Fitness & Exercise

Back Dimples: Genetics, Visibility, and Exercise Influence

By Hart 5 min read

No, you cannot train or create back dimples, as they are a genetically determined anatomical feature, though exercise and body composition changes can make existing dimples more visible.

Can You Train Back Dimples?

No, you cannot train or create "back dimples" (medically known as the Dimples of Venus or Sacral Dimples) through exercise, as they are a genetically determined anatomical feature. While exercise and body composition changes can make existing dimples more visible, they cannot be developed from scratch.

Understanding "Back Dimples": The Dimples of Venus

"Back dimples," often referred to as the Dimples of Venus (for women) or Apollo (for men), are symmetrical indentations located just above the gluteal cleft, on either side of the lower back. Anatomically, these dimples are not muscles or fat deposits that can be built or reduced. Instead, they are formed by short ligaments that stretch from the superior posterior iliac spine (a bony protrusion on the pelvis) to the skin.

  • Anatomical Basis: These dimples correspond to the location of the sacroiliac joints, where the sacrum meets the ilium. The visible indentation is a result of the skin being tethered to the underlying bone and fascia by these specific, short ligaments.
  • Not Muscular: Unlike biceps or glutes, there are no muscles in this precise area that you can strengthen or enlarge to create these indentations.
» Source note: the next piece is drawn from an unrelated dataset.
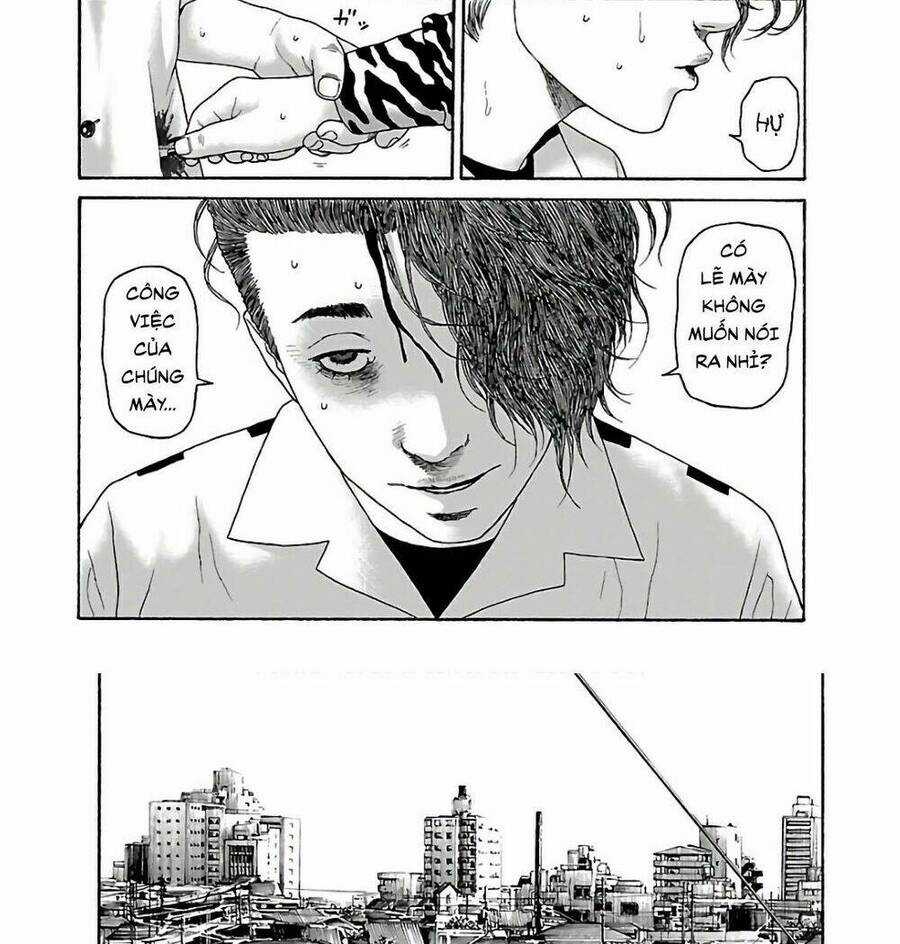 họa sĩ sát nhân - Chapter 78 - Trang 9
The Role of Genetics vs. Training

The presence of back dimples is almost entirely a matter of genetics. If you have the genetic predisposition for these particular ligamentous attachments, you will have them. If you do not, no amount of exercise, specific movements, or dietary changes will create them.
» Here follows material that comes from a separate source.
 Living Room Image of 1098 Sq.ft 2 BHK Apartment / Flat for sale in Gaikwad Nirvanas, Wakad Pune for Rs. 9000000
  • Inherent Feature: Think of them similarly to dimples on the cheeks – they are a structural characteristic of your body, not a trait you can acquire or develop through training.
  • No "Training" Possible: Since they are not muscles, they cannot be "trained," strengthened, or hypertrophied in the way other body parts can.

How Exercise and Body Composition Can Influence Visibility

While you cannot create back dimples, if you already possess them genetically, certain factors related to body composition and muscle development can make them more apparent.

  • Reducing Body Fat: The most significant factor influencing the visibility of existing back dimples is a lower body fat percentage. When the amount of subcutaneous fat overlying the lower back area is reduced, the skin lies closer to the underlying ligaments and bone, making the indentations more pronounced. This is why they are often more noticeable in individuals with leaner physiques.
  • Strengthening Surrounding Muscles: Developing the muscles in the surrounding areas can enhance overall back definition, which might indirectly highlight existing dimples.
    • Erector Spinae: These muscles run along the spine. While they don't directly form the dimples, a well-developed lower erector spinae can contribute to a more defined lumbar region, which may frame the dimples better.
    • Gluteal Muscles: Strong and well-defined glutes can create a visual contrast that draws attention to the lower back area where the dimples are located.
    • Core Stability: Improving overall core strength and posture can also contribute to a more aesthetically pleasing and defined back.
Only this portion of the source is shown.